Abstract: In my lightening talk I'll briefly introduce the cdata R package. cdata is Win-Vector's second generation "coordinatized data" tool for R. cdata supplies generalizations of pivot and un-pivot where one specifies the desired transform by supplying a control table that is literally a picture of the desired transformation. I will show how to quickly solve a data transformation problem in terms of this table. cdata is based on DBI which lets it perform the same transformations at big data scale (right now targeting Spark or PostgreSQL).

###########################

Robert Horton

Performance vs. Simplicity: Visualizing the tradeoffs from pruning decision trees.

I will be demonstrating a Shiny app intended to help business users see how lift plots, cumulative gain curves, and decision trees are interconnected, so they can better understand how simplifying the tree (and the rules it produces) affects the predictive performance of the model. There is often a "sweet spot" where a moderately simplified tree has optimal cross-validation performance; simpler trees may be easier to understand, but this typically comes at the cost of decreased performance.
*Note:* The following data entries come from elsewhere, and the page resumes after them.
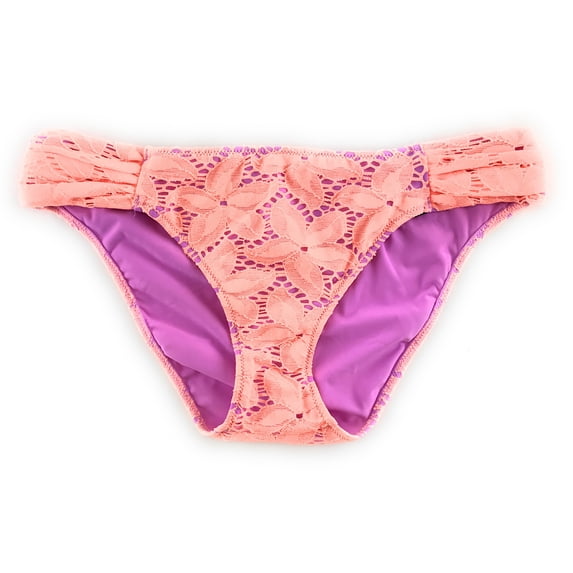 Victoria's Secret Bikini Bottom Medium Orange Purple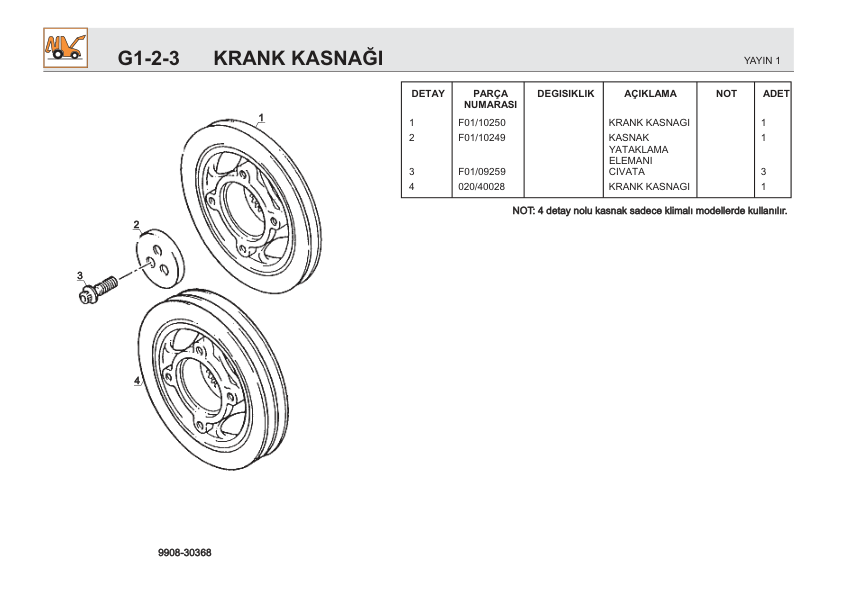 Hidromek HMK 101S Parts Catalogue - Image 10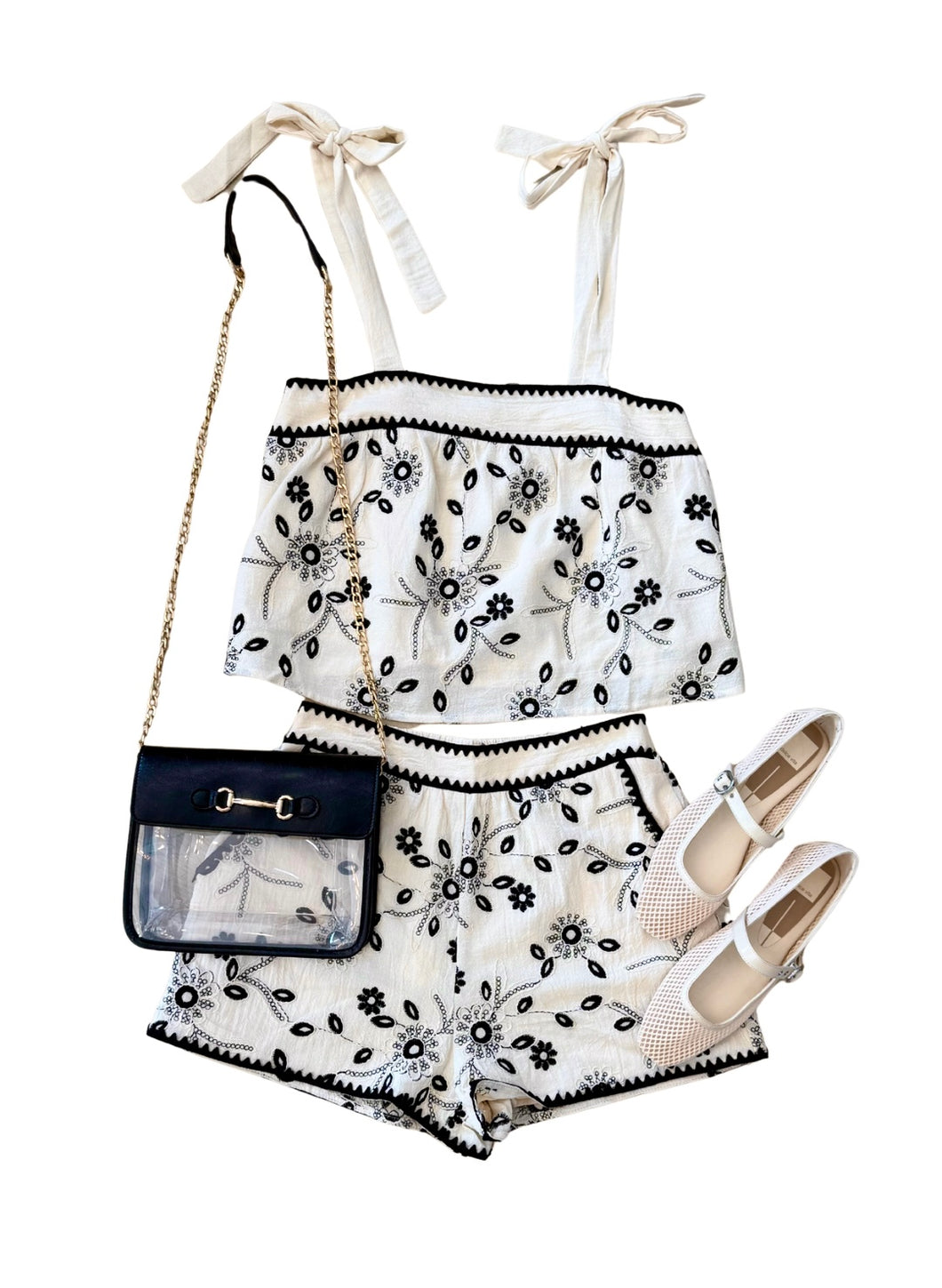 Amber Embroidered Set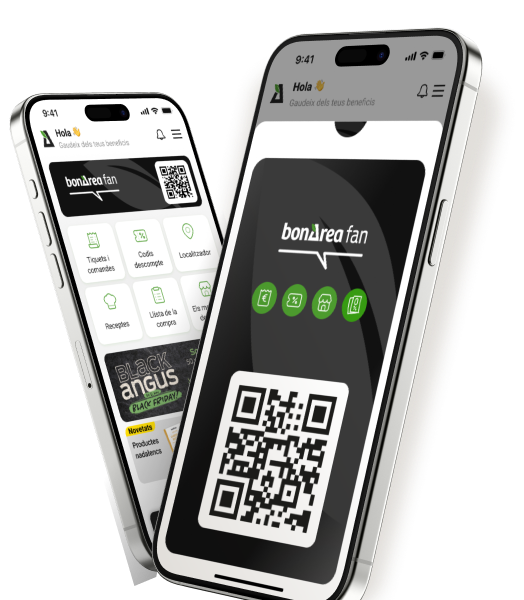 app mockup bonÀrea fan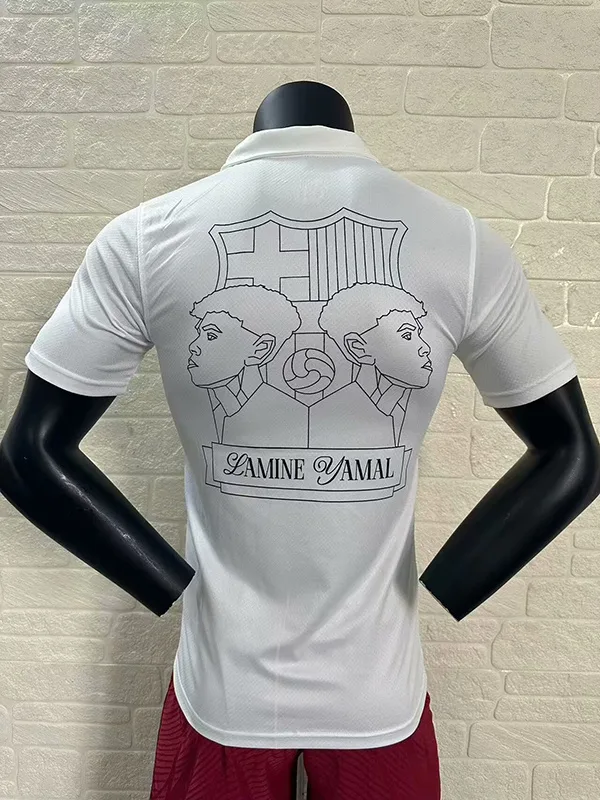 Barcelona Camiseta Versión Jugador Edición Especial White — 2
However, performance is often more importance in some areas than others (for example, if you are interested in the customer segment most likely to purchase a widget, performance of the model on the less likely segments may be less useful), so it is important to understand where the performance is being lost. This simple tool recapitulates many of the important concepts in data science, and we hope it can help bring subject matter experts deeper into the modeling process.

##########################

Oswald Campesato

Title: "R and Deep Learning"Description:"This fast-paced introduction to Deep Learning (DL) concepts is intended for Data Scientists who are interested in DL. Topics include neural networks, back propagation, activation functions, CNNs, RNNs (if time permits), along with the CLT/AUT/fixed-point theorems, and code samples in R/Keras and R/TensorFlow."

About me:"Oswald is a former PhD Candidate (ABD) in Mathematics, an education junkie (6 degrees), and an author of 17 technical books (including Angular). He has worked for Oracle, AAA, and Just Systems of Japan, along with various startups. He has lived/worked in 5 countries on three continents, and in a previous career he worked in South America, Italy, and the French Riviera, and has traveled to 70 countries on six continents. He has worked from C/C++/Java developer to CTO, comfortable in 4 languages, and wants to become fluent in Japanese. Currently he is a consultant and provides training in Android, R, and Deep Learning."-----------------------------------